Directions for this task
Given the entries that follow, write out exactly the lines starting at the one containing "Entradas para la" and ending at the one containing "JOHNSON BROTHERS FRIENDLY", both ends included, and only those.

Records supplied

- Opening Delimiter -

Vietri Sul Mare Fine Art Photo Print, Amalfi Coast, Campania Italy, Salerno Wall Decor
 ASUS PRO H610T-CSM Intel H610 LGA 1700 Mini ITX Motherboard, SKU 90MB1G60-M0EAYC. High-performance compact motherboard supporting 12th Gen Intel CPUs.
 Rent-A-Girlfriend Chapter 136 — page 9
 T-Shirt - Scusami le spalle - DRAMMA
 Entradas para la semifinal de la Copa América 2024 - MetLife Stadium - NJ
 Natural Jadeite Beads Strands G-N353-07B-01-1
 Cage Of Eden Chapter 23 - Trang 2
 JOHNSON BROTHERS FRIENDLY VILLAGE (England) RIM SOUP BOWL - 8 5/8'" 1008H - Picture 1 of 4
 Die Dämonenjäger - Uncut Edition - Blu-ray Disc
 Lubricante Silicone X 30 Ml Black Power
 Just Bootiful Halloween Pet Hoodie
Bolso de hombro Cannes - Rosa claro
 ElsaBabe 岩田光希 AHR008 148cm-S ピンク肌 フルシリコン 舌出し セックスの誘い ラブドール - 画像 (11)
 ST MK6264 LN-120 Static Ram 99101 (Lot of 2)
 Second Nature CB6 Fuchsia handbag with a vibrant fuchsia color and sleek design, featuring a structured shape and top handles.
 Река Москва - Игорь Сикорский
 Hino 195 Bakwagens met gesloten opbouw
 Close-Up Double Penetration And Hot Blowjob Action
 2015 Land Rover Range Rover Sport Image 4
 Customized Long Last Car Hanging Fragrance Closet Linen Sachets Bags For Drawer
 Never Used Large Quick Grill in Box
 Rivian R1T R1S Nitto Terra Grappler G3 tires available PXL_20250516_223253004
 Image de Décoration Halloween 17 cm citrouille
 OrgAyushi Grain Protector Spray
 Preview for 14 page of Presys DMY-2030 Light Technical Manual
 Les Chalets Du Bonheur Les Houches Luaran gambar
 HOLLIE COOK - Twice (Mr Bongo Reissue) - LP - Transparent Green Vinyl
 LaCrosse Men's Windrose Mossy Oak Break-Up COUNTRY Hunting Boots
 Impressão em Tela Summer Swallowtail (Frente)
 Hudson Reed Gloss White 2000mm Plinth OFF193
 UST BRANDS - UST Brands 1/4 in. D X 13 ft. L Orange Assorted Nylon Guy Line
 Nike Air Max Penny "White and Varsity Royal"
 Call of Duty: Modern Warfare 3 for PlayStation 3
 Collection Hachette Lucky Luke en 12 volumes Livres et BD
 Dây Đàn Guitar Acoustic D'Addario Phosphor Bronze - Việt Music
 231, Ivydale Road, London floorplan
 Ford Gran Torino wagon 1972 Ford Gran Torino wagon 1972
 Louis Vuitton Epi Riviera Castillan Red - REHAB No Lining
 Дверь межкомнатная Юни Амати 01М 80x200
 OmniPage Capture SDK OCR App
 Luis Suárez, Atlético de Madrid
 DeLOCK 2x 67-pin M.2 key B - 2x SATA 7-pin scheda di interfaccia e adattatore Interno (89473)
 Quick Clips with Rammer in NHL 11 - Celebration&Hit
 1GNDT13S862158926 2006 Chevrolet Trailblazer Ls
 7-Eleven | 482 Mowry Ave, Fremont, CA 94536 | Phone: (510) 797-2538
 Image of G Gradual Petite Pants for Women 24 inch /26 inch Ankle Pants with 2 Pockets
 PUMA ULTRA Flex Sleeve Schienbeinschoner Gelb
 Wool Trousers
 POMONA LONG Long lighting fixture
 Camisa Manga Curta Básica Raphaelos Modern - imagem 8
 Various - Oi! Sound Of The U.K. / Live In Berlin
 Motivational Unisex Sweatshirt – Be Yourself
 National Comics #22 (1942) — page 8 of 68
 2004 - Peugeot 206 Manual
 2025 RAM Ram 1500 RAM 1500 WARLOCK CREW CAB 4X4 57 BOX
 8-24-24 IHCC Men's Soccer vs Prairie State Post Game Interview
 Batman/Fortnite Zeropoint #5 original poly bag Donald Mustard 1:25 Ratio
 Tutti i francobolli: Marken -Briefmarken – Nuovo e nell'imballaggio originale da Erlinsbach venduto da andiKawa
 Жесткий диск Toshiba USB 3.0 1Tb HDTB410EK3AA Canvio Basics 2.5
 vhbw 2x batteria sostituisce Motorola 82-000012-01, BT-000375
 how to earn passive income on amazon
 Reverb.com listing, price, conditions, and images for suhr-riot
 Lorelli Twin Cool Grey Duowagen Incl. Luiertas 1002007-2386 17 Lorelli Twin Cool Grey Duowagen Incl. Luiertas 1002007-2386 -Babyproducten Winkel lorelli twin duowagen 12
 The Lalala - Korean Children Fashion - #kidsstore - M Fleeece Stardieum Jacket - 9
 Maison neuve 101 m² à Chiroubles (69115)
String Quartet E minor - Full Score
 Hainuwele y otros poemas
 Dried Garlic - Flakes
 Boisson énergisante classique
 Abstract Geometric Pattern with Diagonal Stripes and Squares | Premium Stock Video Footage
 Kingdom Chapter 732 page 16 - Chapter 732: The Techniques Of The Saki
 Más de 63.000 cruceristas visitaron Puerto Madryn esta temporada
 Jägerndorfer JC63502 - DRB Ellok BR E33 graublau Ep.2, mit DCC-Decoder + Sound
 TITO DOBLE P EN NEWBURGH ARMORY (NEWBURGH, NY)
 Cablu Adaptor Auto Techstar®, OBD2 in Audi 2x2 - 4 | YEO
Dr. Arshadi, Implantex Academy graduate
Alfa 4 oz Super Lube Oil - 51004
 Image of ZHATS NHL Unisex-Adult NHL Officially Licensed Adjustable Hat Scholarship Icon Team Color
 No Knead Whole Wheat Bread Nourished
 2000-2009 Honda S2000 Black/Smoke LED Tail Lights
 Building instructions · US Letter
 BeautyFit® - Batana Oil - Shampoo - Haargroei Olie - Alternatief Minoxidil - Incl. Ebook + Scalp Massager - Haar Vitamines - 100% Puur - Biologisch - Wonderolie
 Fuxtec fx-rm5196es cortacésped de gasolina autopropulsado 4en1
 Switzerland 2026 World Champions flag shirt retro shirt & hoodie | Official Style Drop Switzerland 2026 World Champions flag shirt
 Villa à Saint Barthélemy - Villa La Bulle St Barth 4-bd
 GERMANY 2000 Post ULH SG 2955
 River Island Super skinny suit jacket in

- Closing Delimiter -

Expected answer
 Entradas para la semifinal de la Copa América 2024 - MetLife Stadium - NJ
 Natural Jadeite Beads Strands G-N353-07B-01-1
 Cage Of Eden Chapter 23 - Trang 2
 JOHNSON BROTHERS FRIENDLY VILLAGE (England) RIM SOUP BOWL - 8 5/8'" 1008H - Picture 1 of 4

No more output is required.